(Data Opens)
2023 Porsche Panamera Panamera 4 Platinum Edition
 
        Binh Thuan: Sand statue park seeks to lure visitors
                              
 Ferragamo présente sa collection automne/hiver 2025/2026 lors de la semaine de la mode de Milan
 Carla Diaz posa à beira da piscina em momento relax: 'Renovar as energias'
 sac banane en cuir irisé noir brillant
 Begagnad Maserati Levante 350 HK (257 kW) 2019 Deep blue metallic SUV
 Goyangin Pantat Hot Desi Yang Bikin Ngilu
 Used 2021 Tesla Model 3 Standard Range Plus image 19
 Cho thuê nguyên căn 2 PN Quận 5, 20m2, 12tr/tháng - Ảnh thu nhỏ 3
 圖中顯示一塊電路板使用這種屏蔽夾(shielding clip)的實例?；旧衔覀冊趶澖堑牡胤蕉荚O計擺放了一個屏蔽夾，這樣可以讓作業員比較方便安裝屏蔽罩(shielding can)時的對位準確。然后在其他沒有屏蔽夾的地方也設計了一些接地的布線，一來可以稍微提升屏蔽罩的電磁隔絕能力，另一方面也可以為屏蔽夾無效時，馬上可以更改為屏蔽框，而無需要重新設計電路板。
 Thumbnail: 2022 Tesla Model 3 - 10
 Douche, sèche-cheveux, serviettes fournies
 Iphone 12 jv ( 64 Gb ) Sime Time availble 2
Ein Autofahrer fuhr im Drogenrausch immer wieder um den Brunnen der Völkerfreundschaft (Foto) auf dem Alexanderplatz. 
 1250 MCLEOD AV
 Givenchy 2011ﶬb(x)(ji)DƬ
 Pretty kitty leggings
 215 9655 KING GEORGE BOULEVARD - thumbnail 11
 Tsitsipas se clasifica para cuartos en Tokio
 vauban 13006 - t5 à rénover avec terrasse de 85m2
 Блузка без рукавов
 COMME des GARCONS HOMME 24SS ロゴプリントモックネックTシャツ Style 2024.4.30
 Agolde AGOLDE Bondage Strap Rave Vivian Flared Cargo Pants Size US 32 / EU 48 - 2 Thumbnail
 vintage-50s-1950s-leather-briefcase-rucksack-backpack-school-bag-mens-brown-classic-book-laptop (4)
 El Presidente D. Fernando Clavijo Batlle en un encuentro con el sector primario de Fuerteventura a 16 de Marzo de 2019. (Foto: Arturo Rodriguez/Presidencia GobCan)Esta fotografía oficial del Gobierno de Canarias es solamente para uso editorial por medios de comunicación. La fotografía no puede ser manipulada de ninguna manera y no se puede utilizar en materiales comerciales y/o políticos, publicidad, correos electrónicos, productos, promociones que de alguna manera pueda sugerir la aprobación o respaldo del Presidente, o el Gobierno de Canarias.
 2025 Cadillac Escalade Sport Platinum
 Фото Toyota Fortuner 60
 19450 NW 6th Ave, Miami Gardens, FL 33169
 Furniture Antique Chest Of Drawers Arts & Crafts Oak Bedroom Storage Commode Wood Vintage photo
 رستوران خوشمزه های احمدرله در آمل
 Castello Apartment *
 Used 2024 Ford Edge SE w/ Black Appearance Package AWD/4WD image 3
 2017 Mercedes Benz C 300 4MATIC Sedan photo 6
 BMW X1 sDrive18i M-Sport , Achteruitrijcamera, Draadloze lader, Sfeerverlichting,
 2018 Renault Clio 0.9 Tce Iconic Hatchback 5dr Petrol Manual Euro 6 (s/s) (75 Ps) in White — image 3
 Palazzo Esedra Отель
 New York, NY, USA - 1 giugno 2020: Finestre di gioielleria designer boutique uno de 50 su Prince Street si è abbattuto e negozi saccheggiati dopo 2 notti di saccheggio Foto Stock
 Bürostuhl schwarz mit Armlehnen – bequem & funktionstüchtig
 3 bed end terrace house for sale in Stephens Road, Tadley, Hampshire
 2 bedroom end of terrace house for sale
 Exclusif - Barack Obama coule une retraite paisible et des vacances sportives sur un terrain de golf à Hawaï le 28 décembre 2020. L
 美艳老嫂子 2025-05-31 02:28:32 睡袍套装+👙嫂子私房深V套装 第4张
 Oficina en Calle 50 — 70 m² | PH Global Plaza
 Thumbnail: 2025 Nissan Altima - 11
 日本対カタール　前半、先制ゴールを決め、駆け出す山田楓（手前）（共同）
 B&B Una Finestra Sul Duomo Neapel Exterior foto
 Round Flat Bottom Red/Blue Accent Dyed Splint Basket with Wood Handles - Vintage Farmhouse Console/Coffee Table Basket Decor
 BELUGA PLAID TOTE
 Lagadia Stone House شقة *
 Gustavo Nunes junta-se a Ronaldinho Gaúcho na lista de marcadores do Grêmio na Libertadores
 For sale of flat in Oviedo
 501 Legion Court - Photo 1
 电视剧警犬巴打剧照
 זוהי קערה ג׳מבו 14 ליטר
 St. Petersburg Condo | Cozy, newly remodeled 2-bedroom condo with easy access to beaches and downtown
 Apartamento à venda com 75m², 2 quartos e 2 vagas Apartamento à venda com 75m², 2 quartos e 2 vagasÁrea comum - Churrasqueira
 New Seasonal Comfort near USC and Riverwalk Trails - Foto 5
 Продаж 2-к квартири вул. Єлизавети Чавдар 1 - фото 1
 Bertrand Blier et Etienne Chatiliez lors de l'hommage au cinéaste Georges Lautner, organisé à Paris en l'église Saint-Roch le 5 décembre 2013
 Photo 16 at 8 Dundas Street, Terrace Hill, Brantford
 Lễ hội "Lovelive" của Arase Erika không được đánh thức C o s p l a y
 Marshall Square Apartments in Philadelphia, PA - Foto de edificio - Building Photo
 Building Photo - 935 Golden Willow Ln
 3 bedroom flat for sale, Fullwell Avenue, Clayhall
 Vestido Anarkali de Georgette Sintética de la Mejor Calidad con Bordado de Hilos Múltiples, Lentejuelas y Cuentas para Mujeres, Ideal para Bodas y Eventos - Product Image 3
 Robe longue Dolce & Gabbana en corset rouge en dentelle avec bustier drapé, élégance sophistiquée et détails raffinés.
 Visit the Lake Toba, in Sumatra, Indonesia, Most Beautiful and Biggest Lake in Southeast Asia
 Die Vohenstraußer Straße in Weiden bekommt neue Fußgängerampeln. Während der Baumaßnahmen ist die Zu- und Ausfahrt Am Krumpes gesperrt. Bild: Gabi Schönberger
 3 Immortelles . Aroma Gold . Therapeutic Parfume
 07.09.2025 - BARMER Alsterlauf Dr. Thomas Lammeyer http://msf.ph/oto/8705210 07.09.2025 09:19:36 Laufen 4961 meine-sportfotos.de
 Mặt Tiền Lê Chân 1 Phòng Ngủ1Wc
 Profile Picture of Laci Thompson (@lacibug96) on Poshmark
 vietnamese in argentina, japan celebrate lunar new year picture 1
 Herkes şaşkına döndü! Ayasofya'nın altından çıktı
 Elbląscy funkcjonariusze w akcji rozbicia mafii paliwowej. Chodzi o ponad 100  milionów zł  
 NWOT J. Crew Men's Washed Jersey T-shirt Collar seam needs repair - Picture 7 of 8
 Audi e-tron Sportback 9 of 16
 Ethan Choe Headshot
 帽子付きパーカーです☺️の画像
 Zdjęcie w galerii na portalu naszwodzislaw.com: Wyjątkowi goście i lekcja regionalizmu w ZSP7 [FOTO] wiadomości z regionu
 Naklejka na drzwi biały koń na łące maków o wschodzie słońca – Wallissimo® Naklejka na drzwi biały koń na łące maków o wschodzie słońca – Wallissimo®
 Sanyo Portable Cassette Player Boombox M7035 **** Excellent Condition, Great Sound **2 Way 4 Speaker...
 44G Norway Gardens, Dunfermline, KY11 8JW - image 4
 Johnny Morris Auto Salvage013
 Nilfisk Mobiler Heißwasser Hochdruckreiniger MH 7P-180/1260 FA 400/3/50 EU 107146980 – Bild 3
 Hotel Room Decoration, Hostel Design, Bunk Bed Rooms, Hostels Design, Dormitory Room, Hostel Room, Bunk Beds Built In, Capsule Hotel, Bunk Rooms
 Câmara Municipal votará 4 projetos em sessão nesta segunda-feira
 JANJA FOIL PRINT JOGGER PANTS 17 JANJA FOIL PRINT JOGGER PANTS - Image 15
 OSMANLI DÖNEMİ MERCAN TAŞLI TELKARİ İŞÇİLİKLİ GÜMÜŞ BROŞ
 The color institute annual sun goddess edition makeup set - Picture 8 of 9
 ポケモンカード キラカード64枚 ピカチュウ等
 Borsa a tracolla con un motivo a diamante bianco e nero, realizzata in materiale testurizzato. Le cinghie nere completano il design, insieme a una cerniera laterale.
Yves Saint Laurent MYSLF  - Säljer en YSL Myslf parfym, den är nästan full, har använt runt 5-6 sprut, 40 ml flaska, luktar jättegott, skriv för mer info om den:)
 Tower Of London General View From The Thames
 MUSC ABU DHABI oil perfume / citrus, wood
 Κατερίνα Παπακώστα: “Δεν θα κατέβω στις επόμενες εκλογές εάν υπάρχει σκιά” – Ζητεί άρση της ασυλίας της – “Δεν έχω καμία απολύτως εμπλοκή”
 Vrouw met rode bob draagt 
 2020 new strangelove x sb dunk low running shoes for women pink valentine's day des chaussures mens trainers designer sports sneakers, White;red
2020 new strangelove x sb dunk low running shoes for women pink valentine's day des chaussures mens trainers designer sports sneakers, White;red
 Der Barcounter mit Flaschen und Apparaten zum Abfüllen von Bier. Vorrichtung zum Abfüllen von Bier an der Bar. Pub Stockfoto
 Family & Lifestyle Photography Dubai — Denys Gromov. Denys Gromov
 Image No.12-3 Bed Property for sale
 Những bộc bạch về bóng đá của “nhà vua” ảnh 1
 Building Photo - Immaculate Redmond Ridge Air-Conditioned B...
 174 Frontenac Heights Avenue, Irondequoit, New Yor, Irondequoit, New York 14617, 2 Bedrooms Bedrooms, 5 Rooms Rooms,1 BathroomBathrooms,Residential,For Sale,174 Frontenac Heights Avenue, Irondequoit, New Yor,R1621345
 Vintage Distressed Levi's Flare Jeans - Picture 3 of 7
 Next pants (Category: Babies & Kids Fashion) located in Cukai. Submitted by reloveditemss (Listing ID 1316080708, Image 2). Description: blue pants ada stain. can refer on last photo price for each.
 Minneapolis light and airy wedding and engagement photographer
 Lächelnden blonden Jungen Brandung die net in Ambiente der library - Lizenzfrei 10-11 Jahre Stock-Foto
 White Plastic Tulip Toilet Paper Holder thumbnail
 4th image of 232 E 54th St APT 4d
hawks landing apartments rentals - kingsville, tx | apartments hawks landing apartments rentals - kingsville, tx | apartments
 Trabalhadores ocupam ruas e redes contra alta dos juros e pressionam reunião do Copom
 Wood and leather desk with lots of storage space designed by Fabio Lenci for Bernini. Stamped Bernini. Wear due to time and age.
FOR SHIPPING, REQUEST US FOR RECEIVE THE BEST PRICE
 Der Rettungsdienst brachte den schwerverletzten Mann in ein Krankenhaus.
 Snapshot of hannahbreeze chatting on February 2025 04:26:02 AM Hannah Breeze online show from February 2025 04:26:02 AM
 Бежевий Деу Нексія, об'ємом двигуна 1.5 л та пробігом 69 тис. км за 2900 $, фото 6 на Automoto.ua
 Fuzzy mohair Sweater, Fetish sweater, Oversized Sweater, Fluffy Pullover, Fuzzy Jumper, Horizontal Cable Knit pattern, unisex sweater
(Data Closes)
(About this exercise): Pull out every line holding "Platinum" from the records above, and copy it.

(Response to this task):
2023 Porsche Panamera Panamera 4 Platinum Edition
 2025 Cadillac Escalade Sport Platinum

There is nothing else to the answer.